OBITUARIES

DANIEL HENRY "GUS" DUNN

Gatekeeper at Gate A, the main entrance to Eden Park. Born Opononi, April 12, 1947. Died Auckland, April 8, 1996, aged 49.

Daniel Dunn was one of the characters at Eden Park. During the football season, through rain, shine and the occasional hail, he would man Gate A in Reimers Ave, cheerfully waving through thousands of fans.

Unlike many who act like Horatio on the bridge or worse once they’ve donned a white coat, "Gus" was a benevolent custodian. He would acknowledge friends and strangers with a cheery wave. To some who had forgotten their pass, or were known to Dan, he would cast an expert eye over the main carpark and with a "Park her there; I’ll keep an eye on it", let them through.

Dan was known to the superstars and the premier grade reserves alike. As the former All Black star centre Joe Stanley put it: "Dan was a reminder that members of the squads come and go, but he was always on the gate."

The Auckland skipper of the record-breaking ‘80s and ‘90s Shield team, another All Black, Gary Whetton, said: "While the corporate heavies had all the flash car parks, the players' wives were low on the priority list.

"But Dan always managed to squeeze them in when they arrived right on kick-off after dispensing with the kids for the afternoon."

Current All Black captain Sean Fitzpatrick said the Auckland team, during its run at Canterbury’s record tenure of the Ranfurly Shield, used Dan as a good luck charm, always entering through his gate before each challenge.

"The team used his presence as part of their ritual for major defences. The build-up was as it should be when Dan was on the gate," said Sean.

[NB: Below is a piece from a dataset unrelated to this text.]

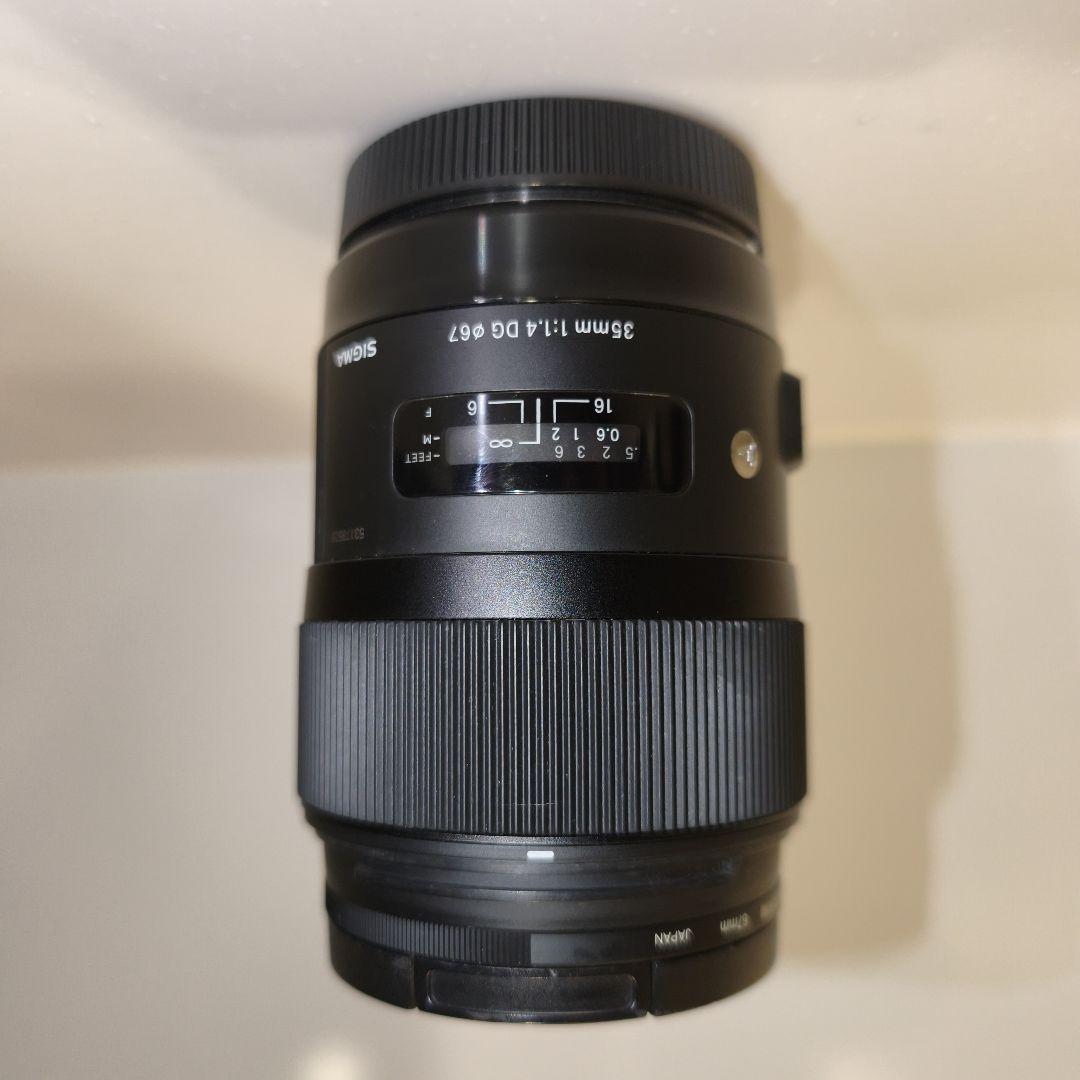 【良品】SIGMA 35mm F1.4 DG HSM Art Canon用 EF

Dan was a rugby fan from his youth. In his playing days he played club rugby in Thames and on moving to Auckland he was a staunch Ponsonby man. His sons both play for Suburbs.

In 1985, Dan was on hand when Auckland played Canterbury at Lancaster Park in the historic challenge that saw the Log of Wood return north.

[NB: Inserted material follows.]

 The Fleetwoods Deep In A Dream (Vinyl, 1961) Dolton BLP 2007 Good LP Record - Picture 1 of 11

The players in that team would allow him into their exclusive club of friends invited into the dressing shed after a game at Eden Park for a post-match beer or three.

Dan was also a familiar sight to thousands of Auckland rail commuters during his career on City-Rail where he was a conductor-guard. As at Eden Park, his friendly smile often made the journey more pleasurable. Later, he worked at the Caltex Beach Rd service station, pumping gas on the night shift.

When the Auckland Rugby Union heard of Dan’s death, from a heart attack, two members of the staff were entrusted to deliver the Ranfurly Shield to Te Piringatahi o te Maungaarongo marae (it means “The uniting or bringing together of all people in peace”) at West Harbour. There they placed the most prized possession in New Zealand rugby at the foot of Dan’s coffin. It stayed there for two days as family and friends called to pay their last respects.

Dan was a big man and had much mana, and big men deserve more than one funeral service. At the first, at West Harbour, former Manu Samoa captain Peter Fatialofa, and one-time cornerstone of the All Black scrum Steve McDowell delivered eulogies on behalf of the Auckland rugby fraternity. Representing the current crop of players were Eroni Clarke and team manager Rex Davy.

For his last trip home to Thames, Dan was dressed in his Auckland Rugby Supporters’ Club blazer, tie and scarf. In the coffin with him was a sod from his beloved Eden Park turf, a bottle of his favourite wine, a bag of Oddfellows, a packet of his favourite fags, and a Super 12 blanket.

Another indication of what Auckland rugby felt about Dan were the two jerseys placed in his coffin – one from the Auckland union, the other, bearing the number 13, from Joe Stanley’s personal collection. After Dan was placed in the hearse, the Ranfurly Shield was laid beside him. The trip to Thames involved a detour to Eden Park. There, the shield was delivered back to its cabinet. Then Dan was taken home, out through Gate A in Reimers Ave for the final time.

- The Auckland Star, November 24, 1996. Reproduced with permission of the author, Tony Potter.